*** Record set Section Begins ***
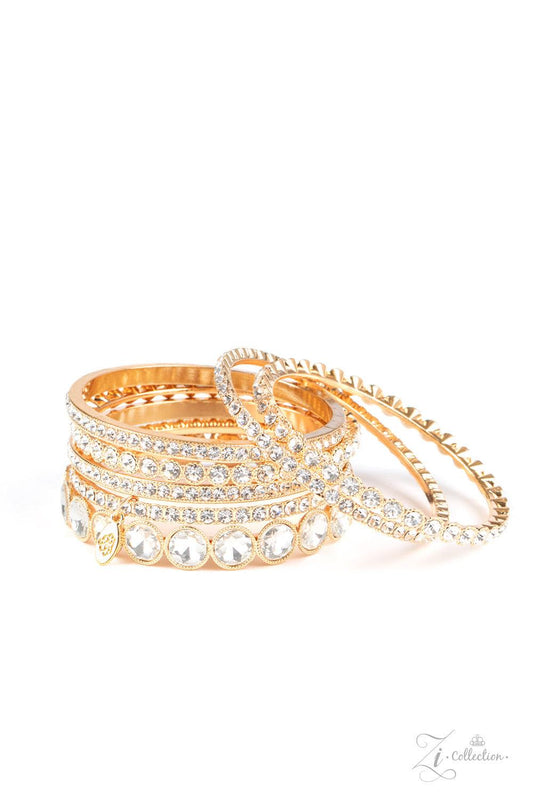 Paparazzi Accessories Future Fashionista An oversized collection of glittery white rhinestones are encrusted across the front of elegantly mismatched gold bangles. The blinding collection stacks and slides across the wrist, creating spellbinding sparkle w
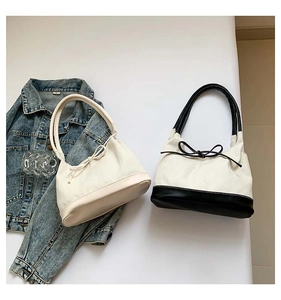 Detailed view of canvas tote bags featuring stylish bow drawstring and contrast color design
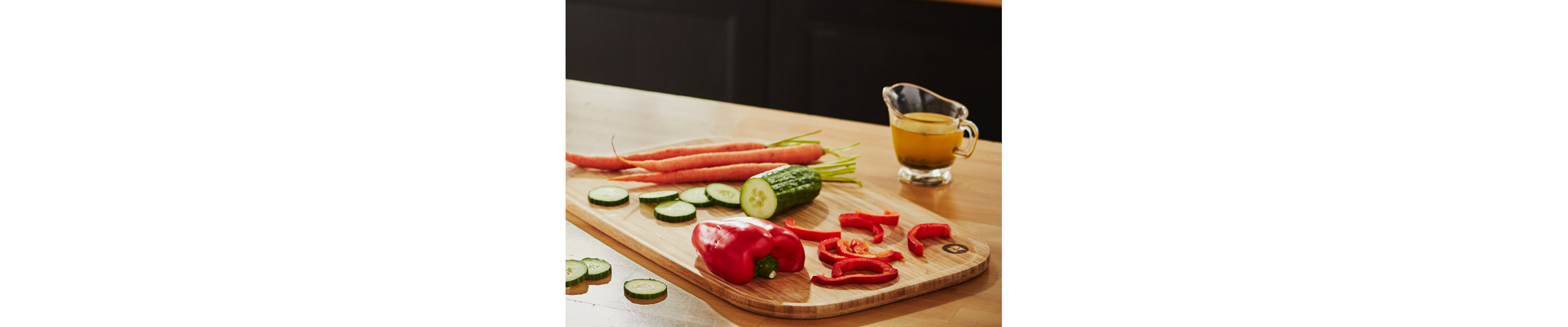 Bell pepper, cucumber and carrot on a cutting board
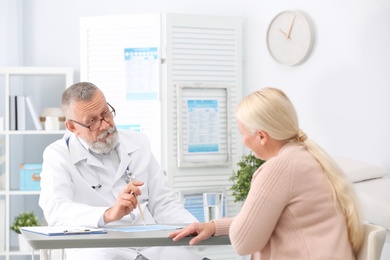 Photo of Coughing mature woman visiting doctor at clinic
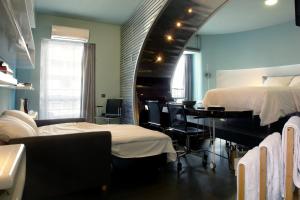 a bedroom with a bed and a desk and a piano at high end suite at the center of Heraklion in Heraklio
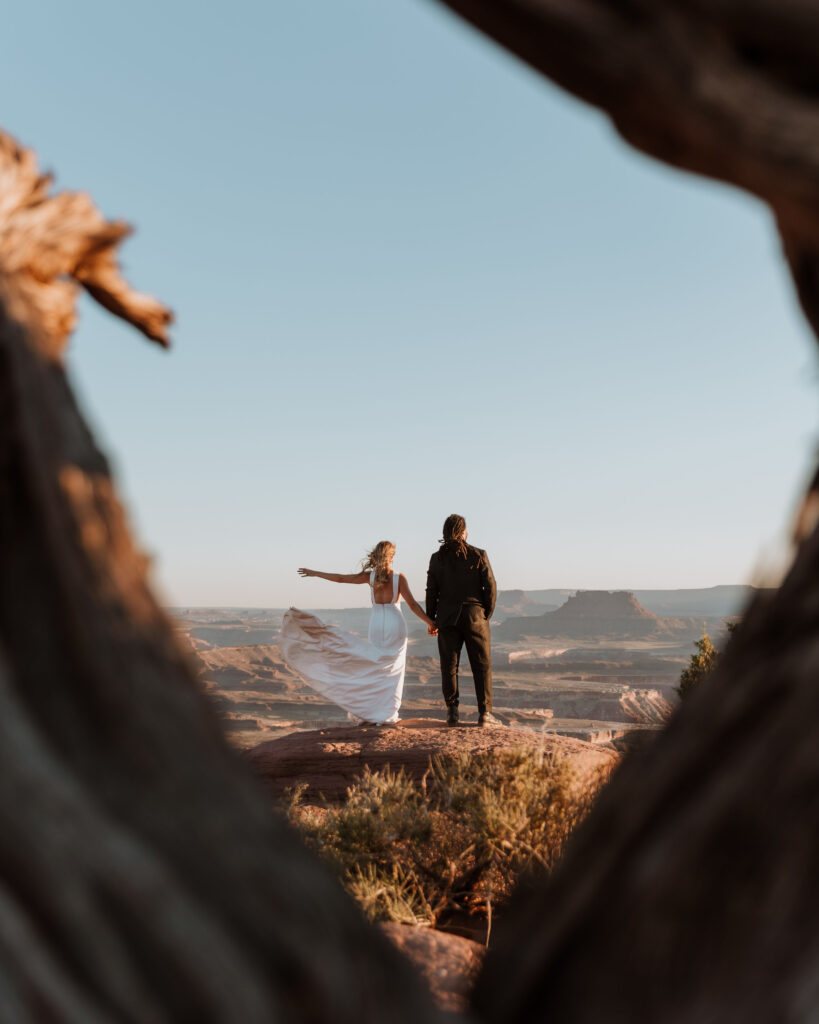 bride and groom stand on edge at Moab couples adventure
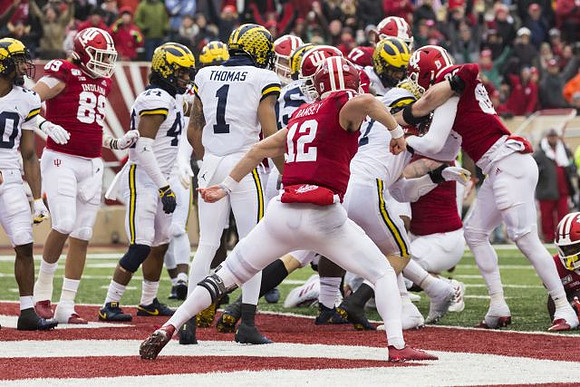 Daxton Hill (30), Cameron McGrone (44), Ambry Thomas (1), and Khaleke Hudson (7)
*** Record set Section Ends ***
Exercise requirements
Reproduce exactly the lines from the one containing "a bedroom with" through the last line of the records, both included, leaving out every picture.

Output for this exercise
 a bedroom with a bed and a desk and a piano at high end suite at the center of Heraklion in Heraklio
 bride and groom stand on edge at Moab couples adventure
 Daxton Hill (30), Cameron McGrone (44), Ambry Thomas (1), and Khaleke Hudson (7)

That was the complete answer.